Bild: Protest gegen die geplante Einführung von Zwangsexmatrikulationen
BERLIN taz | Angesichts der fast 200.000 Student*innen in Berlin fällt
der Protest am Montag sehr überschaubar aus. Rund 300 Demo-Teilnehmer*innen
haben sich gegen Mittag in der Universitätsstraße nahe der Humboldt
Universität versammelt, um gegen die Wiedereinführung von
Zwangsexmatrikulationen zu protestieren. Sie eint die Sorge, dass die
Neuerung im Hochschulgesetz ihr Recht auf politisches Meinungs- und
Versammlungsfreiheit beschneiden wird.
Konkret ist die Wissenschaftsverwaltung dabei, an den Unis ein
Ordnungsrecht wieder einzuführen. Hintergrund ist ein [1][gewalttätiger
Übergriff Anfang Februar] auf einen Studenten der Freien Universität (FU),
der von einem mutmaßlichen Mitstudenten ausging. Danach hatten sich
Politiker*innen insbesondere aus der CDU für eine Exmatrikulation des
mutmaßlichen Gewalttäters ausgesprochen. Der dafür erforderliche Paragraf
war allerdings aus dem Berliner Hochschulgesetz 2021 gestrichen worden.

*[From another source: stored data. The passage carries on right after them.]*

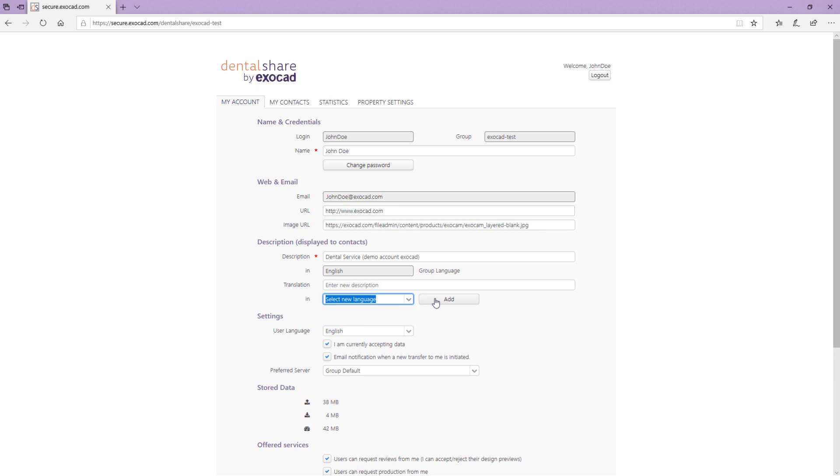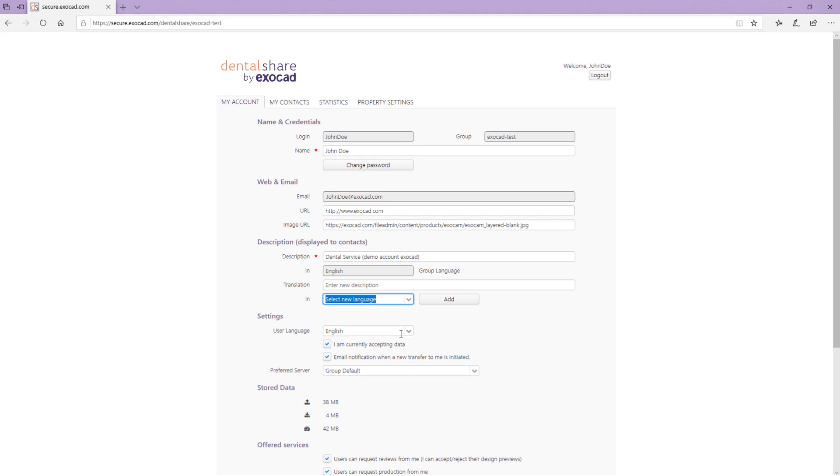You can set your user language in the corresponding drop-down menu. If you are currently not accepting data from other users, uncheck I am currently accepting data. If you do not want to receive notifications via email when data is being uploaded to your account, deactivate email notification when a new transfer to me is initiated.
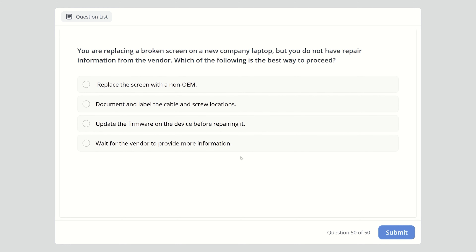Last question, question fifty: You are replacing a broken screen on a new company laptop but you do not have repair information from the vendor. Which of the following is the best way to proceed? Options include replacing the screen with a non-OEM part, documenting and labeling the cable and screw locations, or updating the firmware on the device before repairing it. Thank you very much for watching — if you made it to the end, please post a comment with a thumbs up emoji.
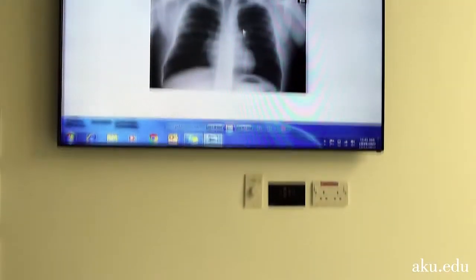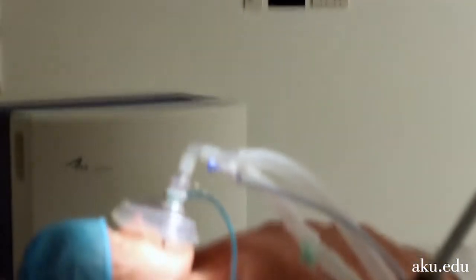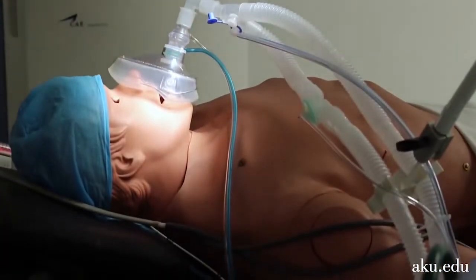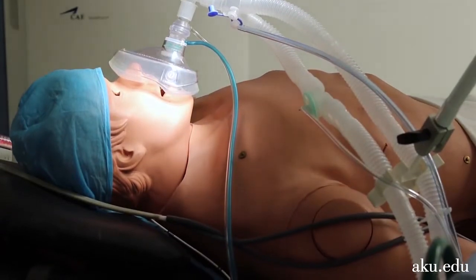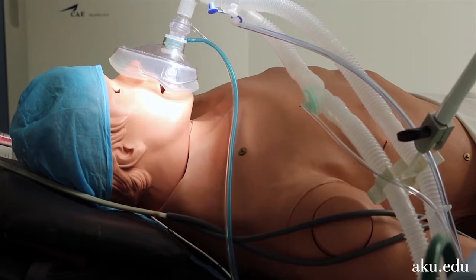Once the simulation scenario is complete, participants watch the recording with a facilitator to get feedback and discuss learning opportunities. The HPS accurately mimics medical conditions and responds automatically to clinical interventions, much like a real patient.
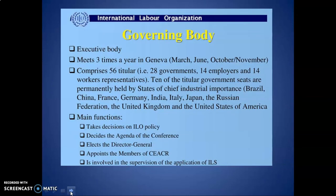The second body is the Governing Body of ILO. It is an executive body which comprises 28 government representatives, 14 employer representatives, and 14 worker representatives. Ten of the titular government seats are permanently held by states of chief industrial importance.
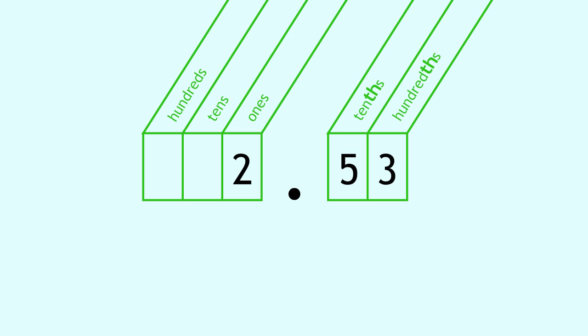Let's try it together. Ready? Two and fifty-three hundredths.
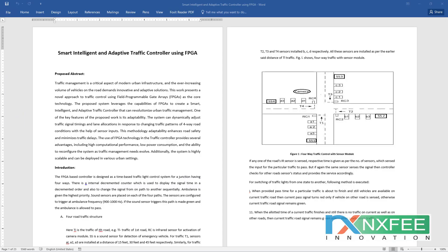Here we discuss the project: Smart Intelligence and Adaptive Traffic Controller using FPGA. Traffic management is a critical aspect of modern urban infrastructure, and the ever-increasing volume of vehicles on roads demands innovative and adaptive solutions. This work presents a novel approach to traffic control using a Field Programmable Gate Array as the core technology.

Die Wissenschaftsverwaltung begründet die Wiedereinführung des
Ordnungsrechts implizit mit den Vorfällen an den Unis nach dem 7. Oktober.
[2][„Protestaktionen, Vorfälle und gewalttätige Übergriffe“ hätten geze…
dass es „in bestimmten Fällen“] für die Unis erforderlich sei, „erweite…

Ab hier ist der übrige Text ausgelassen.